Für Militärhistoriker Jaun ist heute alles, was sich ums Militär dreht, skandalisierungswürdig: «Es gab über ein Dutzend Militärabstimmungen. Das zeigt einen riesigen Politik- und Mentalitätswandel.»
Der Zeitgeist hat geändert, und das ist richtig so.
Das VBS sah sich aber nicht nur einer sensibilisierten Öffentlichkeit gegenüber, es musste auch neue Vorschriften einhalten, etwa die Sprengstoffverordnung. Seit ein paar Jahren listet ein Gefahrenkataster 2550 Orte auf, in denen es belastete Standorte gibt, etwa Schiessanlagen. Auch das Militär muss mit der Zeit gehen.
Hanspeter Aellig, Projektchef für die Räumung in Mitholz, spürt diesen neuen Zeitgeist: «Wir haben noch eine sehr grosse Zahl an Schiessplätzen und es hat immer noch Munition im Boden. Wir haben den Auftrag, diese zeitnah zu räumen. Der Zeitgeist hat geändert, und das ist richtig so.»
Neue Kultur der Nulltoleranz
Der Historiker Michael Olschansky forscht über die Entwicklung des militärischen Denkens. Das habe sich nicht grundsätzlich verschoben, aber heute herrsche eine Kultur der Nulltoleranz, die Sicherheit der Bevölkerung habe absolute Priorität: «Das war vielleicht nach den beiden Weltkriegen anders und hat sich allmählich entwickelt.»

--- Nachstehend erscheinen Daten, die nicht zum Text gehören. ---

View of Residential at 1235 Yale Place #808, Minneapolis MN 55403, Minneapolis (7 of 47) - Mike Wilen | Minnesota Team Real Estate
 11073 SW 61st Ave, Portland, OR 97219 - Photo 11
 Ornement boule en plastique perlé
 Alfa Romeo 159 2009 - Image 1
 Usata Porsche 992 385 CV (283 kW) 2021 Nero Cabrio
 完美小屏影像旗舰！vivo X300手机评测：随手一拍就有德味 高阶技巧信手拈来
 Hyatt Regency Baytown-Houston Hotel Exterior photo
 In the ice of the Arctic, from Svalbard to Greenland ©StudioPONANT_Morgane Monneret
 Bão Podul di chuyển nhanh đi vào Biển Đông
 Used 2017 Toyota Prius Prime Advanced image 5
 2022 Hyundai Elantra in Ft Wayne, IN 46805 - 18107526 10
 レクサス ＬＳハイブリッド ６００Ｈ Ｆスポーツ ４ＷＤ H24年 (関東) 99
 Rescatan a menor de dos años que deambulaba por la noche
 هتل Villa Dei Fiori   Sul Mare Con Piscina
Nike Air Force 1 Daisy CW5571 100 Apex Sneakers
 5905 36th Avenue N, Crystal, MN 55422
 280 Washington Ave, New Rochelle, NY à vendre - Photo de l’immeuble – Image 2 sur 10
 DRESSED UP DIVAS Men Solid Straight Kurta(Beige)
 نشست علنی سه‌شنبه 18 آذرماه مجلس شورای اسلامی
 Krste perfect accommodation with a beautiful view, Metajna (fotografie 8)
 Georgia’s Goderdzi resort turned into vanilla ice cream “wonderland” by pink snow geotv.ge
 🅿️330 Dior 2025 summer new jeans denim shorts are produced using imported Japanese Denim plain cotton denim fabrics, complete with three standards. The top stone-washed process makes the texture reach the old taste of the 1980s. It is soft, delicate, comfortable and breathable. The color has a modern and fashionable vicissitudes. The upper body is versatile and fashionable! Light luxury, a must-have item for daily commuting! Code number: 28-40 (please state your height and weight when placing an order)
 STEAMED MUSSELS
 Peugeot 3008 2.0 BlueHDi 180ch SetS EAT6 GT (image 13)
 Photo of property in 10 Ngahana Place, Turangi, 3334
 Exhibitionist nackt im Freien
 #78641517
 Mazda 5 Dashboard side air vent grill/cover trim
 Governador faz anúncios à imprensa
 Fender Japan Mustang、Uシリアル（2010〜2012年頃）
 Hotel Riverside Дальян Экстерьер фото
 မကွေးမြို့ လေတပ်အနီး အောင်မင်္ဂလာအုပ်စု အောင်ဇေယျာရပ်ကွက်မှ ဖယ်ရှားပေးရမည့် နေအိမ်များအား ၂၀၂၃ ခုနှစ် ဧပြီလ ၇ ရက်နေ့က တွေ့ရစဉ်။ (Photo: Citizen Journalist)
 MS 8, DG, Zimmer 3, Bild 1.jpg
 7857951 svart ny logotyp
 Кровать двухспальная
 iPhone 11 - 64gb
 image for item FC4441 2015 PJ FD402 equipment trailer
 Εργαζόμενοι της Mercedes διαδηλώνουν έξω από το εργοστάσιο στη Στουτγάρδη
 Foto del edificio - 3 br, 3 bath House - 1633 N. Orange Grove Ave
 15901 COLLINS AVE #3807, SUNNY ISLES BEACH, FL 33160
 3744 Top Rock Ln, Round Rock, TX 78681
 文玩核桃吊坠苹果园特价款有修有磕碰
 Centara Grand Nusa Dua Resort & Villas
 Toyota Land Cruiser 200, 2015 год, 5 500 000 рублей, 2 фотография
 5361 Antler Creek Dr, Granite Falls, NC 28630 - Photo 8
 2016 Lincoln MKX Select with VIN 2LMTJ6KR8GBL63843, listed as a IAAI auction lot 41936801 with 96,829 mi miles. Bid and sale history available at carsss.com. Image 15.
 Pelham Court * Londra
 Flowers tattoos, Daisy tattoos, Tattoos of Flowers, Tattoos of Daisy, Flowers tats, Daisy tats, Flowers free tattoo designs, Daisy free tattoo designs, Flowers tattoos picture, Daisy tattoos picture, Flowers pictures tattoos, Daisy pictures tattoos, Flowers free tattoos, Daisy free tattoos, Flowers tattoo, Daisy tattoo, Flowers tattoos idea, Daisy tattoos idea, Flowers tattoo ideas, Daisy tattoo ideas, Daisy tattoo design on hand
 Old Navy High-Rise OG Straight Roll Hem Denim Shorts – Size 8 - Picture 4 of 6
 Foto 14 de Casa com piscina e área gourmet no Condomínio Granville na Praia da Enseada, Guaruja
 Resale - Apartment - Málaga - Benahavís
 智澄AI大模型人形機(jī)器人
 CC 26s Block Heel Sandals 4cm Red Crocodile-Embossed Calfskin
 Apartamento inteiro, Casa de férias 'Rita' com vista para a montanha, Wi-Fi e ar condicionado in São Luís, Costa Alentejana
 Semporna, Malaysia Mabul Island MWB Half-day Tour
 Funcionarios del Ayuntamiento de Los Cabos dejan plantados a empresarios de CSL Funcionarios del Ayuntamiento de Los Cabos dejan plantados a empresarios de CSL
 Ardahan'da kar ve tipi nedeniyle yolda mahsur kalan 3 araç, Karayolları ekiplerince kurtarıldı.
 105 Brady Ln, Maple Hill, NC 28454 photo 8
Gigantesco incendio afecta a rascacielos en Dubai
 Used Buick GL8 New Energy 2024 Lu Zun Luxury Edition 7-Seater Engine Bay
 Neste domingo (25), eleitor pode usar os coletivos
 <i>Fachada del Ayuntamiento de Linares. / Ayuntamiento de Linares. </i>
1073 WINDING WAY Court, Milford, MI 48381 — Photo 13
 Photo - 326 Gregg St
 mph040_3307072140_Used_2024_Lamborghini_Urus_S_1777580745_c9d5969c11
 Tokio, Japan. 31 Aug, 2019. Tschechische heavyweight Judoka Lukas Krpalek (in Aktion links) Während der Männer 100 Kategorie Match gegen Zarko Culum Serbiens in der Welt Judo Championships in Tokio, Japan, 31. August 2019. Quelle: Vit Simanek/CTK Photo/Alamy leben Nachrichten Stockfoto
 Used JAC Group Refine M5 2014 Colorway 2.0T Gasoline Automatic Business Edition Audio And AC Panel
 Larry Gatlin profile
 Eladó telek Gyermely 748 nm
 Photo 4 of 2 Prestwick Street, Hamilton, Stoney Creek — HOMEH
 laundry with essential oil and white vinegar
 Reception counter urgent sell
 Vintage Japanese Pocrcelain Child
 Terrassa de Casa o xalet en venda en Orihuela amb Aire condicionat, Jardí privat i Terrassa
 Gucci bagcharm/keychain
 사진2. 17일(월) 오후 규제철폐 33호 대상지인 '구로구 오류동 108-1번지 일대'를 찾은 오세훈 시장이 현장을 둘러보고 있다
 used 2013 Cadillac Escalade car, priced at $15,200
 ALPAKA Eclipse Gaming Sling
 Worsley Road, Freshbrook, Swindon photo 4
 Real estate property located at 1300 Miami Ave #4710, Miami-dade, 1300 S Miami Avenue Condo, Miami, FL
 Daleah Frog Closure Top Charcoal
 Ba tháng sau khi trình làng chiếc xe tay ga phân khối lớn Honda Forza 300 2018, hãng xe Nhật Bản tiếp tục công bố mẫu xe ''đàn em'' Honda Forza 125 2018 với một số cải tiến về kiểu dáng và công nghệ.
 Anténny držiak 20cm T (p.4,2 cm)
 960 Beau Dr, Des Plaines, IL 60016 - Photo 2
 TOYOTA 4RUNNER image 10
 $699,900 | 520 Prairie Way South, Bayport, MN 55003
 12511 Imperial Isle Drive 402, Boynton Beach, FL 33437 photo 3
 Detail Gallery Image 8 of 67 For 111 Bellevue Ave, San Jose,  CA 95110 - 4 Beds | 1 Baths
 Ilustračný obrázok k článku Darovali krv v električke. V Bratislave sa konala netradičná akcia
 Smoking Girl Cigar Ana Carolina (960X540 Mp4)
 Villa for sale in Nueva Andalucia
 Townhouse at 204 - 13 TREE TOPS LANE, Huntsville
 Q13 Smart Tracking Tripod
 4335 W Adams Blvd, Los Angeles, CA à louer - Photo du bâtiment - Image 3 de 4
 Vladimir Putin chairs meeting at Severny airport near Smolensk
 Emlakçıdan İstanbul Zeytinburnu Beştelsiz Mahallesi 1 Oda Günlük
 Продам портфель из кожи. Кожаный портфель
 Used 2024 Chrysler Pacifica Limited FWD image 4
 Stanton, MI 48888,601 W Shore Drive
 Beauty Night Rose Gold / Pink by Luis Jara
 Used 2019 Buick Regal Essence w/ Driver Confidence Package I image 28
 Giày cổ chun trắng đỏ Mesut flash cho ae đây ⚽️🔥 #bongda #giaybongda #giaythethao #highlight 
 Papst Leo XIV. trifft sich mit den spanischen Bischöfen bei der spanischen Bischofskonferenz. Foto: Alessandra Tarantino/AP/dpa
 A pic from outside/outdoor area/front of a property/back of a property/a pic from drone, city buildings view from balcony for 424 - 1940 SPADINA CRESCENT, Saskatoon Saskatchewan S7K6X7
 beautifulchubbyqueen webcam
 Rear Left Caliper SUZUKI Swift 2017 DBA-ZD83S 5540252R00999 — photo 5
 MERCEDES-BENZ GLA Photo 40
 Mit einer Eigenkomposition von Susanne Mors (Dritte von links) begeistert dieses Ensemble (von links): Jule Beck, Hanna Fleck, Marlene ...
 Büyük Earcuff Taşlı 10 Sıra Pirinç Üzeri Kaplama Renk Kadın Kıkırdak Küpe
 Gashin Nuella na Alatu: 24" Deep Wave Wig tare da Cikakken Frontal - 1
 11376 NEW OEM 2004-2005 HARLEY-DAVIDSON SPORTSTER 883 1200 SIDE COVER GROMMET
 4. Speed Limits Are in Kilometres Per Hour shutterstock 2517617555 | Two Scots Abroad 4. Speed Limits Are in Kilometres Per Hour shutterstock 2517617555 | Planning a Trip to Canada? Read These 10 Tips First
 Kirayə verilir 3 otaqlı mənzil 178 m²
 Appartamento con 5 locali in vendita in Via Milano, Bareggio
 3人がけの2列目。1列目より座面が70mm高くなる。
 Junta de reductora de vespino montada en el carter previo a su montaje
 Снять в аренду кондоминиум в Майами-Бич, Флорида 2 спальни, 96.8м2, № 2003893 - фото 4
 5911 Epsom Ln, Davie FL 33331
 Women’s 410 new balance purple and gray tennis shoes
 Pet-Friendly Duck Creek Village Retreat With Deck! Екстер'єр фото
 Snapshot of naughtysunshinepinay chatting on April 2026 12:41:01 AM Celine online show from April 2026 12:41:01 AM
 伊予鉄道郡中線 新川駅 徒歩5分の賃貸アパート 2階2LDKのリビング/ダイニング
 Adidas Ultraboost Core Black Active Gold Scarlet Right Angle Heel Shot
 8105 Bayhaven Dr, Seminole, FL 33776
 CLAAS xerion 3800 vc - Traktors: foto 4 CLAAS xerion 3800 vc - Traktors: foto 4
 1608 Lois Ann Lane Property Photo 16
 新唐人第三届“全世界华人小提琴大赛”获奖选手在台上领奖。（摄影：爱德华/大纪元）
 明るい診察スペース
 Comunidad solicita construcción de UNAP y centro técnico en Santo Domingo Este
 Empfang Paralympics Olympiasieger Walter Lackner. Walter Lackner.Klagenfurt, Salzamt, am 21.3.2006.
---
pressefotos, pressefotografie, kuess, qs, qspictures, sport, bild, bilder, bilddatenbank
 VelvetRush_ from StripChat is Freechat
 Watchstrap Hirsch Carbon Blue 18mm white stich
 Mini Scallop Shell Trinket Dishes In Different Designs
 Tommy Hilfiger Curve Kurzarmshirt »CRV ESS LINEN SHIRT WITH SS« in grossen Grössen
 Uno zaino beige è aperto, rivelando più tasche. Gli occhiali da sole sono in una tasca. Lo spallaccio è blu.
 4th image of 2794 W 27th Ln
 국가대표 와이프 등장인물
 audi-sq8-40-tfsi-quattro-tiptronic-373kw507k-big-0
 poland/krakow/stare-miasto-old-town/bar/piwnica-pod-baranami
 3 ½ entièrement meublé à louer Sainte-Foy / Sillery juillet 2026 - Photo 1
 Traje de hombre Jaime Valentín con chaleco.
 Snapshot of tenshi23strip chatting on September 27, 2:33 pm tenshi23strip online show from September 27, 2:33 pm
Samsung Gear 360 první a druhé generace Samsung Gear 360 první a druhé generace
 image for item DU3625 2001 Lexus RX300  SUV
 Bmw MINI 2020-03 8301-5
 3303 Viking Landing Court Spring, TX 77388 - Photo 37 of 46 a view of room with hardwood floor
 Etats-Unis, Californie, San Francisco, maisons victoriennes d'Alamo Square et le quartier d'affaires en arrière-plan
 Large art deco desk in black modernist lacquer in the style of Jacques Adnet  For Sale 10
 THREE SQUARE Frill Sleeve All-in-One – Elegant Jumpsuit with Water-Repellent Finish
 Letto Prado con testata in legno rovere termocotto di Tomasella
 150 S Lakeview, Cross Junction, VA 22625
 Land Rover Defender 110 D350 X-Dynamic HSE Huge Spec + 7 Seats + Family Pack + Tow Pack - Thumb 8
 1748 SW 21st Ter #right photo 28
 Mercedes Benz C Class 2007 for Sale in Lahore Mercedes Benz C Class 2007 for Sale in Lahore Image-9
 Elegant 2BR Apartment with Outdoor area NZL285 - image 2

Ein Zeichen für diese Entwicklung sei auch die transparente Information des VBS zur Räumung des Munitionslagers Mitholz. Nicht nur die aktuelle VBS-Vorsteherin Viola Amherd; auch ihr Vorgänger Guy Parmelin reiste persönlich nach Mitholz, um die Bevölkerung zu informieren.